情報を守る3つの柱のポイントを紹介します
機密性 ― 見せてよい人だけに見せる
機密性は、その情報を見てよい人だけが見られる状態を保つことです。
学校の成績表で考えると分かりやすいですよ。
自分の成績表を本人と先生だけが見られるなら、機密性は守られています。
でも、机の上に開いたまま置いてあって誰でも読めるなら、それは機密性が失われた状態です。
ここで大事なのは、情報が消えたわけでも書きかわったわけでもない、という点なんです。
中身はそのままなのに、見せたくない人に見えてしまった。
これが機密性の事故の形なんですよ。
見られてはいけない情報に、きちんと鍵をかけておく。
それが機密性なんです。
完全性 ― 内容が正しいまま保たれる
完全性は、情報の中身が正しいまま、勝手に書きかえられていない状態のことです。
さっきの成績表なら、点数が誰にも書きかえられていないこと。
これが完全性なんですよ。
想像してみてください。
もし誰かが数字をこっそり直せてしまったら、その成績表はもう信じられませんよね。
情報は、正しいと信じられるからこそ役に立ちます。
だから完全性が失われると、情報そのものの価値がなくなってしまうんです。
見られていなくても、消えていなくても、それは立派な事故なんですよ。
点数がひとつ書きかわるだけで、その表全体が信用できなくなります。
可用性 ― 使いたいときに使える
可用性は、使いたいときにちゃんと使える状態のことです。
成績表を見たいのに、サーバが止まっていて開けない。
これが可用性の失われた状態なんですよ。
意外に思うかもしれませんが、機械の故障や停電、災害も情報セキュリティの脅威に入ります。
悪い人がいなくても、情報が使えなくなれば困りますよね。
だから守る相手は、人だけではないんです。
3つの要素は「何が困ったか」で見分けるのがコツですよ。
もれたら機密性、変わったら完全性、使えなければ可用性です。
この一言をそのまま覚えておくと、テストの問題にもすぐ対応できるようになりますよ。
- 機密性が失われた:他人に見られてしまった状態。
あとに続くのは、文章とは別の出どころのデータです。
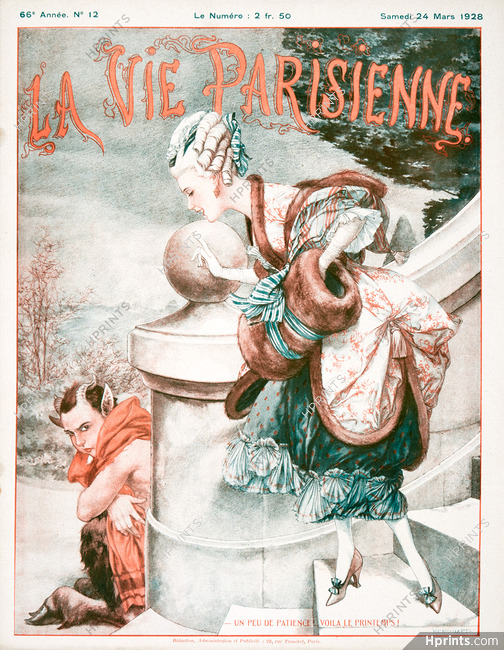 Hérouard 1928 Winter Faun, La Vie Parisienne cover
パスワードの盗み見や、画面の置きっぱなしがこれにあたります。
- 完全性が失われた:中身が書きかえられた状態。数値の改ざんや、ファイルの一部が壊れた場合が当てはまります。
- 可用性が失われた:使いたいのに使えない状態。停電・故障・災害でサーバが止まった場合も、これに含まれます。
脅威の種類も、この3つとセットで整理しておきましょう。
人による脅威が不正アクセスや盗み見、プログラムによる脅威がマルウェア、そして事故による脅威が故障や災害です。
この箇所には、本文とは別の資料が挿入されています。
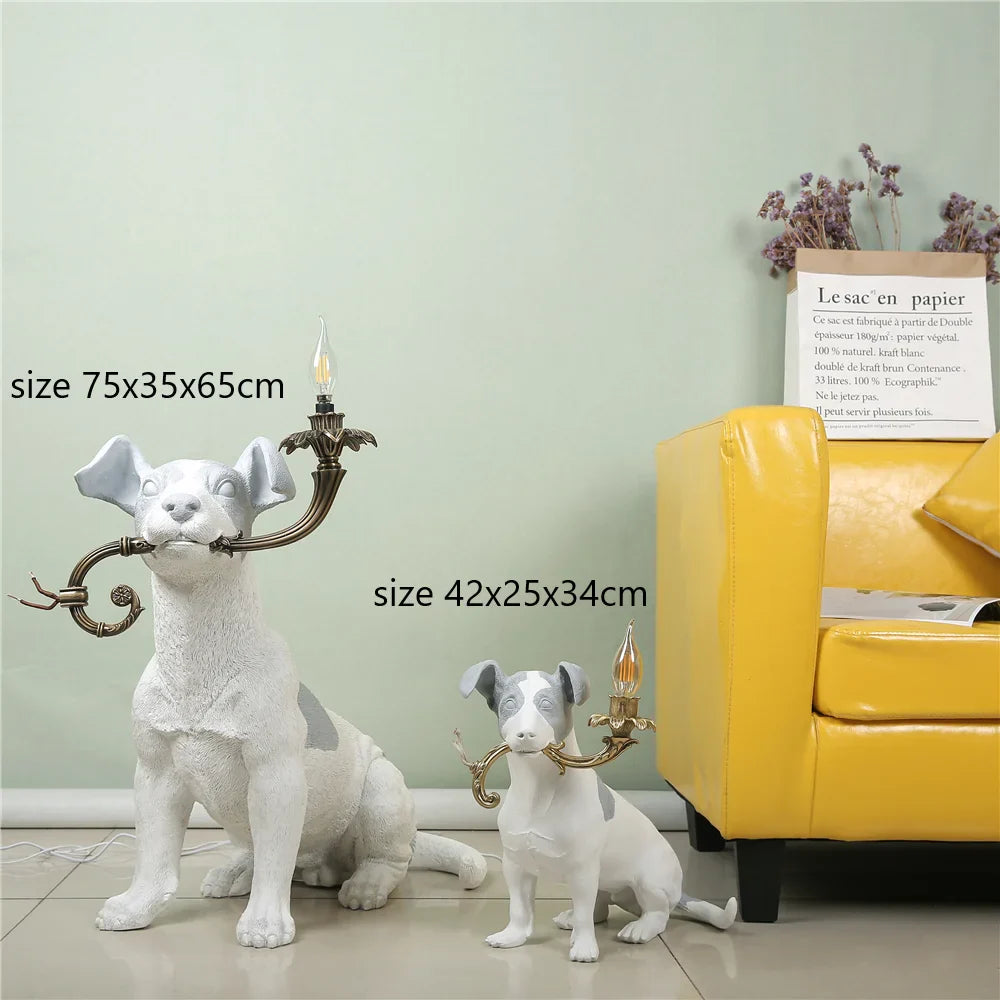 Afralia™ Resin Puppy Table Lamp: Modern Creative Home Decor Bedroom Living Room Gift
不正アクセスは、他人のIDとパスワードで勝手に入り込む行為で、不正アクセス禁止法という法律で禁止されています。
そして、その入り口になりやすいのがパスワードの使い回しなんですよ。
ポイント2:認証と暗号化のしくみ
では、どうやって「見せてよい人」だけを通すのでしょうか。
そこで登場するのが認証と暗号化です。
認証は入口で本人かどうかを確かめる技術、暗号化は途中で盗み見られても読めなくする技術。
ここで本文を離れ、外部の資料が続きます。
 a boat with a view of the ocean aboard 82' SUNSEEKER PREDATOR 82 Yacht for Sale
入口を守るのが認証、道の途中を守るのが暗号化だと考えると、区別しやすくなりますよ。
認証と暗号化のしくみのポイントを紹介します
認証は3つの要素で本人を確かめる
認証というのは、その人が本人かどうかを確かめるしくみのことです。
確かめ方は大きく3種類に分けられます。
1つ目は知っているもの。
パスワードや暗証番号がこれにあたります。
2つ目は持っているもの。
ICカードやスマホなど、本人だけが持っている物で確かめる方法です。
3つ目は体の特徴。
指紋や顔認証がこれですね。
スマホのロック解除を思い出してみてください。
数字を打つのが1つ目、指紋で開けるのが3つ目です。
身近な技術の中に、ちゃんと3種類がそろっているんですよ。
3つのうちどれで確かめているのかを意識すると、認証のしくみがぐっと分かりやすくなります。
パスワードは複雑さより長さが効く
強いパスワードと聞くと、記号をまぜた複雑なものを想像しますよね。
もちろん大切なのですが、実はそれ以上に効くのが長さなんです。
文字数が1つ増えるだけで、試さなければならない組み合わせは何倍にもふくらみます。
だから12文字以上を目安に、英大文字・小文字・数字・記号をまぜるのが基本ですよ。
逆に避けたいのが、名前や誕生日、辞書に載っている単語そのままです。
そして一番危険なのが使い回し。
1つのサイトからもれた組み合わせは、他のサイトでも必ず試されるんです。
大事なサービスほど、他とちがうパスワードを使うようにしてくださいね。
二要素認証と暗号化で守りを重ねる
二要素認証は、さっきの3種類のうち種類のちがう2つを組み合わせる方法です。
たとえばパスワードと、スマホに届く確認コードの組み合わせ。
これならパスワードがもれても、スマホが手元になければ入られません。
守りを重ねるという考え方なんですよ。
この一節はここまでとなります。